-- DATA SUPPLIED follows --
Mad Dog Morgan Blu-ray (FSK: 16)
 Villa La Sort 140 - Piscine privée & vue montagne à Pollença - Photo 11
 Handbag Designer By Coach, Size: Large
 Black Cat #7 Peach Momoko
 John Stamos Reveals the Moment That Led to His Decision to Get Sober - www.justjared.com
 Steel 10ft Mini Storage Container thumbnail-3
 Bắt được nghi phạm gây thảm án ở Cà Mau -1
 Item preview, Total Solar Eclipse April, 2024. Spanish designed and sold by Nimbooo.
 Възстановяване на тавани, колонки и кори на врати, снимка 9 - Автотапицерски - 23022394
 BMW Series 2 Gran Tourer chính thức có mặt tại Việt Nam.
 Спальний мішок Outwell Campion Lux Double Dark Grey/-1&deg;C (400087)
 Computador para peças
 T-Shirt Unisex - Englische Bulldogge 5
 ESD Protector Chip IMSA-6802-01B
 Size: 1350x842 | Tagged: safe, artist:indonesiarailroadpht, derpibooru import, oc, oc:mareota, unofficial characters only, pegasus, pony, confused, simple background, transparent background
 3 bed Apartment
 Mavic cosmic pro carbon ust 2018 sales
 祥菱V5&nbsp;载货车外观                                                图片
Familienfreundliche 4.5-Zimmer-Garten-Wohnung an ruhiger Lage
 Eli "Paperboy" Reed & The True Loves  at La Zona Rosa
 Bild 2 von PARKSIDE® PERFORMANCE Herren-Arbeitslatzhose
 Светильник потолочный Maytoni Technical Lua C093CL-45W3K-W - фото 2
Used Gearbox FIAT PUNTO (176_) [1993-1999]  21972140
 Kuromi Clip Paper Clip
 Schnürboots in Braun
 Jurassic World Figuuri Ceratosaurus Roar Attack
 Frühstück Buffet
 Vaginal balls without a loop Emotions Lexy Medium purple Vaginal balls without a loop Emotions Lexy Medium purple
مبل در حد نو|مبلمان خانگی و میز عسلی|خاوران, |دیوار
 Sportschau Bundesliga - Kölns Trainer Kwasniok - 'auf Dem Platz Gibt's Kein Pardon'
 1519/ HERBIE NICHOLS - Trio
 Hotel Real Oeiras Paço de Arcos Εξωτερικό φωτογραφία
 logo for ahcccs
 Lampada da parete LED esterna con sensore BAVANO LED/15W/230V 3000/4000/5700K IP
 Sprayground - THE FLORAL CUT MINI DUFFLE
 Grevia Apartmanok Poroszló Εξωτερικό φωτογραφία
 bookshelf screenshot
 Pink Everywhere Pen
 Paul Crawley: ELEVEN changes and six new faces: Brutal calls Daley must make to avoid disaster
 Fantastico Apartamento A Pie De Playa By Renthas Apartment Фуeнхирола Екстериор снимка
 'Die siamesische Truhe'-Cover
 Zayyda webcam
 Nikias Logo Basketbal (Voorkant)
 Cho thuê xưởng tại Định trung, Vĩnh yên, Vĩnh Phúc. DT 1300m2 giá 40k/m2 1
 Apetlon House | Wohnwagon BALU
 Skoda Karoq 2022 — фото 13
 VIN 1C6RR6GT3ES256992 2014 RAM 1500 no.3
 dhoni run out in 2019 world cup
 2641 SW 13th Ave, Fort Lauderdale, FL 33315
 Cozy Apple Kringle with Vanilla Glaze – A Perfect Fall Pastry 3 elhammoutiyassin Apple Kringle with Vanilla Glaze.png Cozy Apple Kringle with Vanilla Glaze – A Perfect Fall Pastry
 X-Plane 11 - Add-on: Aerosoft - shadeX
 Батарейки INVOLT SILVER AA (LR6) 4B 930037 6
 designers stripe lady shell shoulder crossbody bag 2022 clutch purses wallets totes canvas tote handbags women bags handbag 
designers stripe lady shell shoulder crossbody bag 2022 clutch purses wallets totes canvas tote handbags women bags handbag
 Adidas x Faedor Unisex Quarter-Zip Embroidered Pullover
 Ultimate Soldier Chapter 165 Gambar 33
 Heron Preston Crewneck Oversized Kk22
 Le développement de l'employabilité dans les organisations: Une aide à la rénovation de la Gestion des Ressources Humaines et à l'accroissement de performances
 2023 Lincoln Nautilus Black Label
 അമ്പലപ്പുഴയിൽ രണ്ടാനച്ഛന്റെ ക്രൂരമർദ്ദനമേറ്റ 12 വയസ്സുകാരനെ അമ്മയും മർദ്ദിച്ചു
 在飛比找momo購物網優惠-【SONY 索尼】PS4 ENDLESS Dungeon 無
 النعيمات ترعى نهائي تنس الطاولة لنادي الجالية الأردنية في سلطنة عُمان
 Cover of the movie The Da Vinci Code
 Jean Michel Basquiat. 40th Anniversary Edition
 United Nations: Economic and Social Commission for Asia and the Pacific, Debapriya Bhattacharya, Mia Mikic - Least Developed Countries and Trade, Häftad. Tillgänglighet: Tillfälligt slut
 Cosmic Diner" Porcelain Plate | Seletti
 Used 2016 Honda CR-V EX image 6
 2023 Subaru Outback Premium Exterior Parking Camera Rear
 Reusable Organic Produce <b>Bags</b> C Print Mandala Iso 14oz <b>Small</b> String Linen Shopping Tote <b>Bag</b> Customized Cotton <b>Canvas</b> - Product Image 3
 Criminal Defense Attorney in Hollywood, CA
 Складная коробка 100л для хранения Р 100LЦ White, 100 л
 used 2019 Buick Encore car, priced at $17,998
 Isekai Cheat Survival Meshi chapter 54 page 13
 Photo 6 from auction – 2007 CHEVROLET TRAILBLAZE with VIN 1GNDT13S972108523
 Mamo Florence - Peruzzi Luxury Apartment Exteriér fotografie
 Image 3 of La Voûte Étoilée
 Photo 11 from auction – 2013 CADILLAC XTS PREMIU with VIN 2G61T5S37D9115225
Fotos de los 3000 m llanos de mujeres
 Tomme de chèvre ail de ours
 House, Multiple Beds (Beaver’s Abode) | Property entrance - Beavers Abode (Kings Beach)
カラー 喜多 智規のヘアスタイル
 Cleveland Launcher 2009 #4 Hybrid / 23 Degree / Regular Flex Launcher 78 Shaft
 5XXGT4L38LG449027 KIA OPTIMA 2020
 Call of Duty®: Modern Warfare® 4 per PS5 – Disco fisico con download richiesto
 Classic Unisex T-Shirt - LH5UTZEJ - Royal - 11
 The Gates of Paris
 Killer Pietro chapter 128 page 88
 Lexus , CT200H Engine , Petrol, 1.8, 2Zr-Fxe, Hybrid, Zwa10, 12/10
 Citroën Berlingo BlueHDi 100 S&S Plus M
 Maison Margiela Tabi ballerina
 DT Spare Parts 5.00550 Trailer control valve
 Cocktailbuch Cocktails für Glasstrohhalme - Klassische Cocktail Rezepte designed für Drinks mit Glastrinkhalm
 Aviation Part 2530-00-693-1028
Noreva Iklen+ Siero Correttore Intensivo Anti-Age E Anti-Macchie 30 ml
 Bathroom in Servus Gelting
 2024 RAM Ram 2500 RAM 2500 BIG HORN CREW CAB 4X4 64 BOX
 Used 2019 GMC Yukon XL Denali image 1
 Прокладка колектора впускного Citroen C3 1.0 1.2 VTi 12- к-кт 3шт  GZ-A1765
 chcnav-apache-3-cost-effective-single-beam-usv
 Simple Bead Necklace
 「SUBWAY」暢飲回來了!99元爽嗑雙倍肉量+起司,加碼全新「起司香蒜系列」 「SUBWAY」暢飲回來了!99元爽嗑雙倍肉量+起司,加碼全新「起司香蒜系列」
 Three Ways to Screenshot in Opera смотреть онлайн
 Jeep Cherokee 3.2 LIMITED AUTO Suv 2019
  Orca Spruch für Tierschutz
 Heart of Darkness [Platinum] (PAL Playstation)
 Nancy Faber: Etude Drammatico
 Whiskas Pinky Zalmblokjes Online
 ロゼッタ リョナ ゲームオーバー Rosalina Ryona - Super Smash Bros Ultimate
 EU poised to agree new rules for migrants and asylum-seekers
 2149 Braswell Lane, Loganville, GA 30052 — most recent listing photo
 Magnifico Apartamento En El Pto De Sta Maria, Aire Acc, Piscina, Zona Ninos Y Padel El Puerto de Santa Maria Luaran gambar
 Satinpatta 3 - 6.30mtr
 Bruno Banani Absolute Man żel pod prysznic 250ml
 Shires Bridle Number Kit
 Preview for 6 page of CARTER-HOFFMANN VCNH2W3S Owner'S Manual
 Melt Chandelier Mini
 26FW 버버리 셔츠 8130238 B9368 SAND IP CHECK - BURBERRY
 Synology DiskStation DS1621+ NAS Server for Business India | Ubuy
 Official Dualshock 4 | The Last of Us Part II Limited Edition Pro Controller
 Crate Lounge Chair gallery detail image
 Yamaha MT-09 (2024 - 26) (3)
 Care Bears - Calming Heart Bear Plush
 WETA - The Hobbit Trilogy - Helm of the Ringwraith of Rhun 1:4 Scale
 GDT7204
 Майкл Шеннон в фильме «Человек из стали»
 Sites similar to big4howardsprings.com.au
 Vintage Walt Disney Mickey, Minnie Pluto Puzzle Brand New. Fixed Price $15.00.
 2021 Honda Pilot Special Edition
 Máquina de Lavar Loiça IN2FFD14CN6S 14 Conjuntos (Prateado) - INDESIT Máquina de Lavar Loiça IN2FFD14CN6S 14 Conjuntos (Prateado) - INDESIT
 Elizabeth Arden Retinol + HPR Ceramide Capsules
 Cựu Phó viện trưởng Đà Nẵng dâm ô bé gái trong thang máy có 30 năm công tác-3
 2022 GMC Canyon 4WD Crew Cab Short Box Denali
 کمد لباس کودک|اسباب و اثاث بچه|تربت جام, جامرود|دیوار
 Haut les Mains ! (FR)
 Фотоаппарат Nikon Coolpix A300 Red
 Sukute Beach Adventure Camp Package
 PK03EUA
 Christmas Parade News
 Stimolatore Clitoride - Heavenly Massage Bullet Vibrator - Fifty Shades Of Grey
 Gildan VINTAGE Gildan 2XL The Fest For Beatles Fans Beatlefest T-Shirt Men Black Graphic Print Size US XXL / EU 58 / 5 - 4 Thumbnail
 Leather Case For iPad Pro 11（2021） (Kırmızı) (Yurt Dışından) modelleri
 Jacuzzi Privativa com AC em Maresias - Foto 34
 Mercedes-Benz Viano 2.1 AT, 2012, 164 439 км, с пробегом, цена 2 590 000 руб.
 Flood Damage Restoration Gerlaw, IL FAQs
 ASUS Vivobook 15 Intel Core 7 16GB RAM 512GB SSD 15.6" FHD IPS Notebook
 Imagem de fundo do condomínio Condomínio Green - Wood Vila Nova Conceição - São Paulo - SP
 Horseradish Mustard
-- DATA SUPPLIED concluded --
§ EXERCISE:
Within the entries above, find every line where the string "auction" occurs, and copy it.

§ RESPONSE TO THE EXERCISE:
 Photo 6 from auction – 2007 CHEVROLET TRAILBLAZE with VIN 1GNDT13S972108523
 Photo 11 from auction – 2013 CADILLAC XTS PREMIU with VIN 2G61T5S37D9115225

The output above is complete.